#### TASK DETAILS
Please print every record exactly as it stands, leaving out the pictures.

#### INPUT MATERIAL

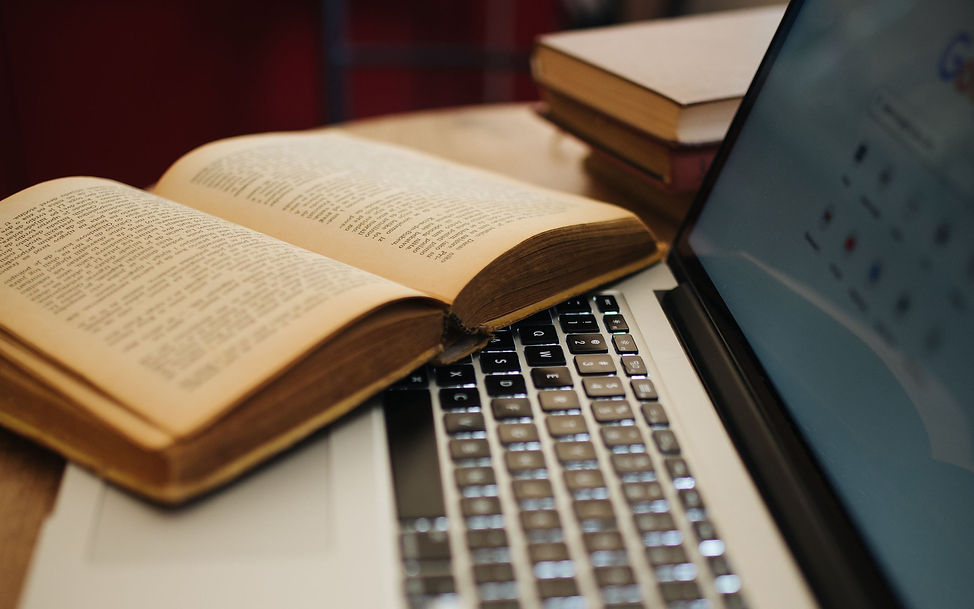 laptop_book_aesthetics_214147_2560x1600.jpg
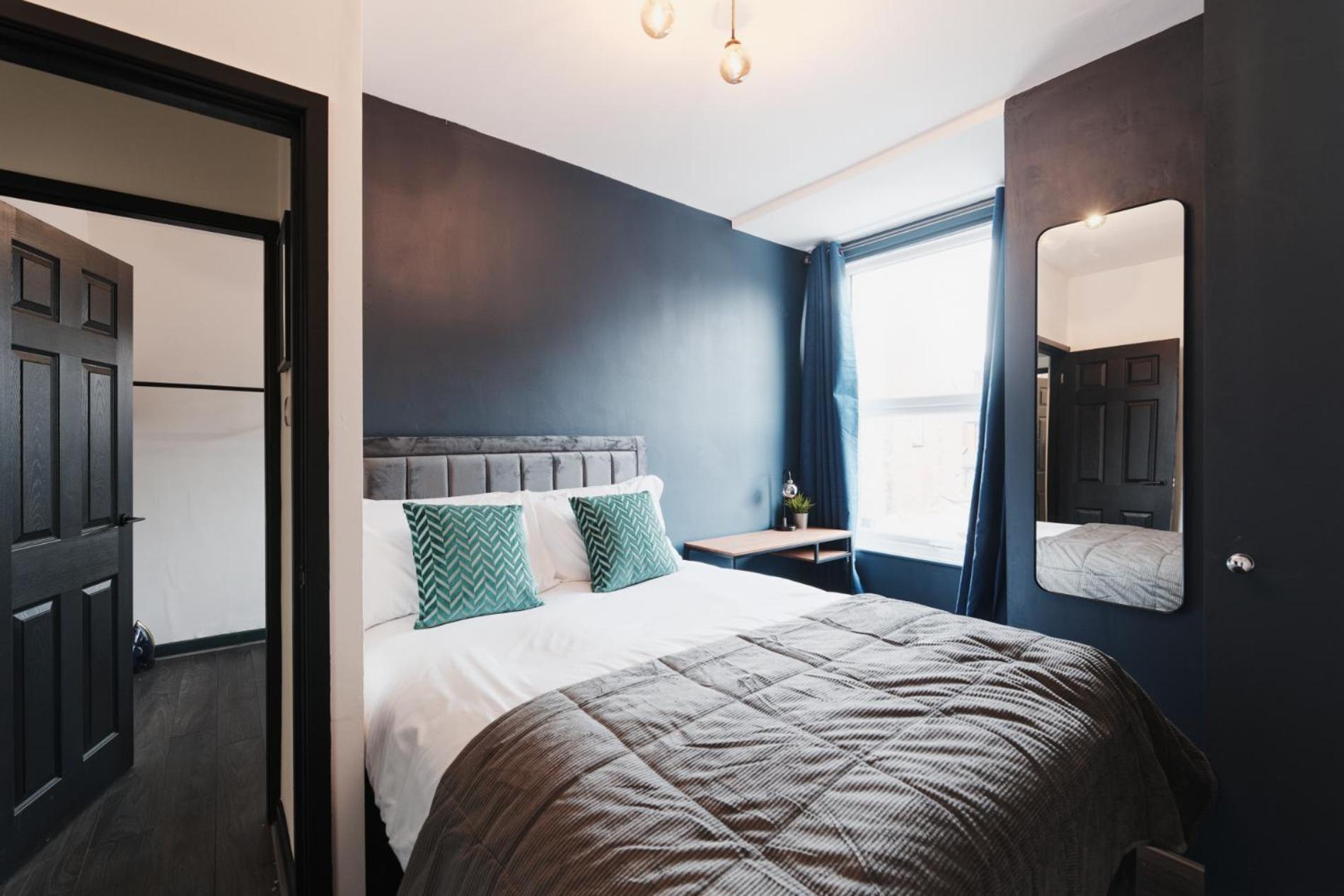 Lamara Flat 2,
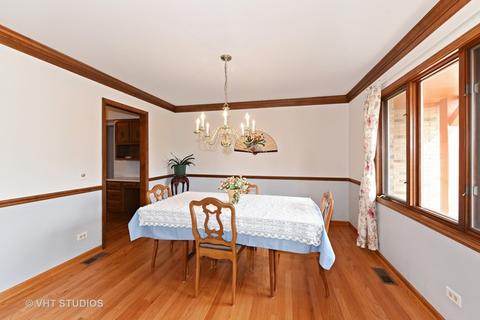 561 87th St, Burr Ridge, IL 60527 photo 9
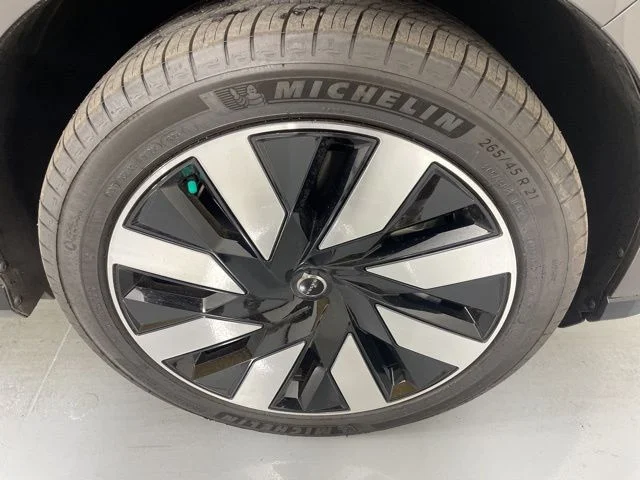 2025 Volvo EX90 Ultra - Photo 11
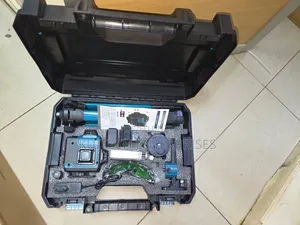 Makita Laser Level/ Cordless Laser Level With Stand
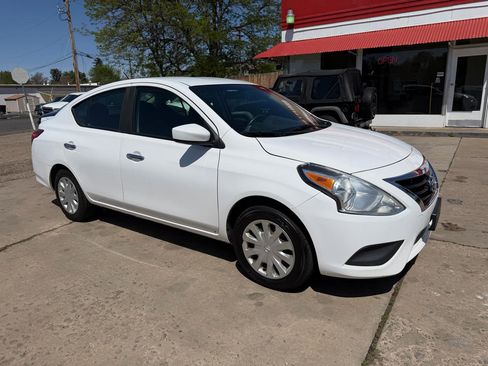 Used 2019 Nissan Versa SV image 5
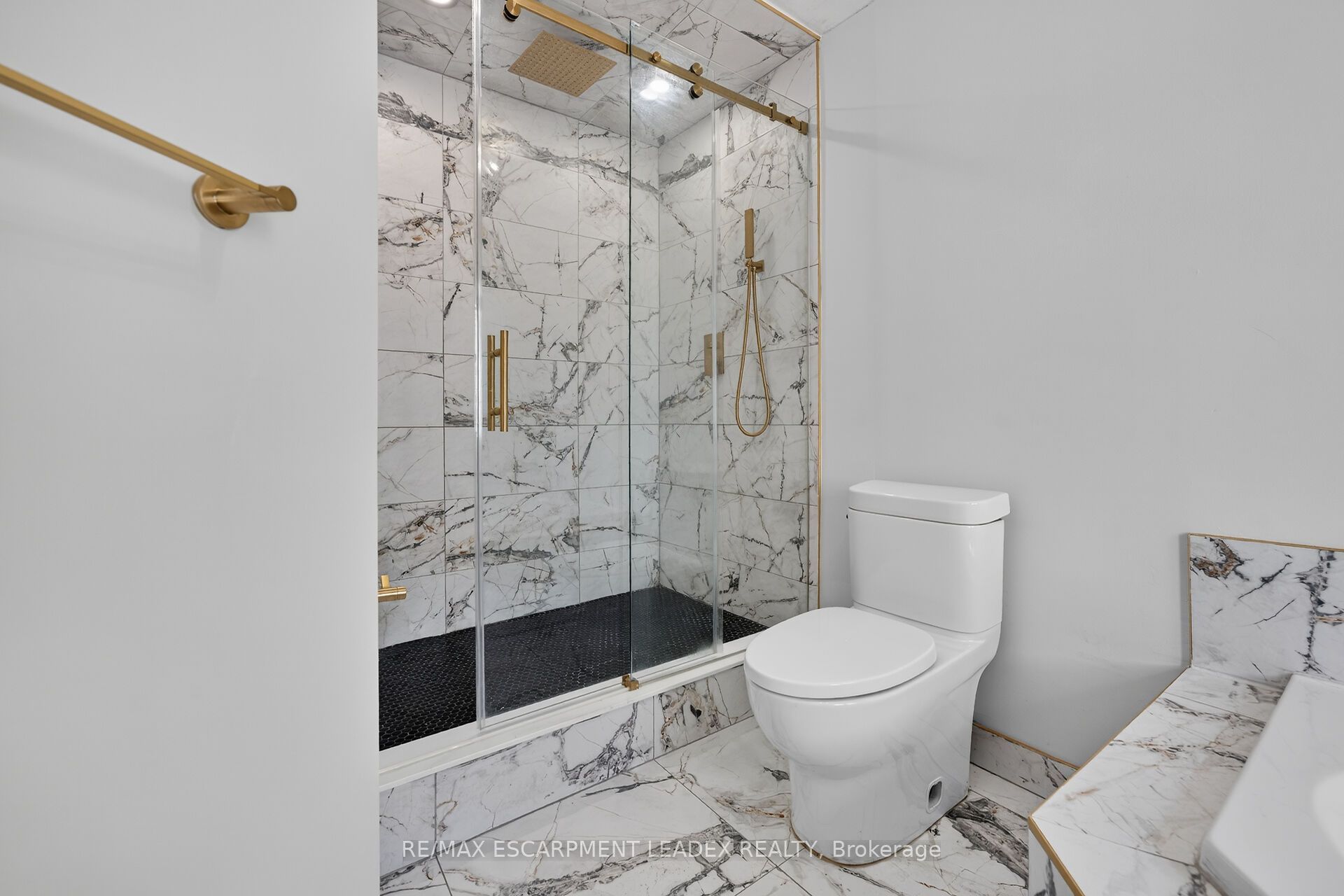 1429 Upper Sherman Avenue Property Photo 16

#### EXPECTED ANSWER
 laptop_book_aesthetics_214147_2560x1600.jpg
 Lamara Flat 2,
 561 87th St, Burr Ridge, IL 60527 photo 9
 2025 Volvo EX90 Ultra - Photo 11
 Makita Laser Level/ Cordless Laser Level With Stand
 Used 2019 Nissan Versa SV image 5
 1429 Upper Sherman Avenue Property Photo 16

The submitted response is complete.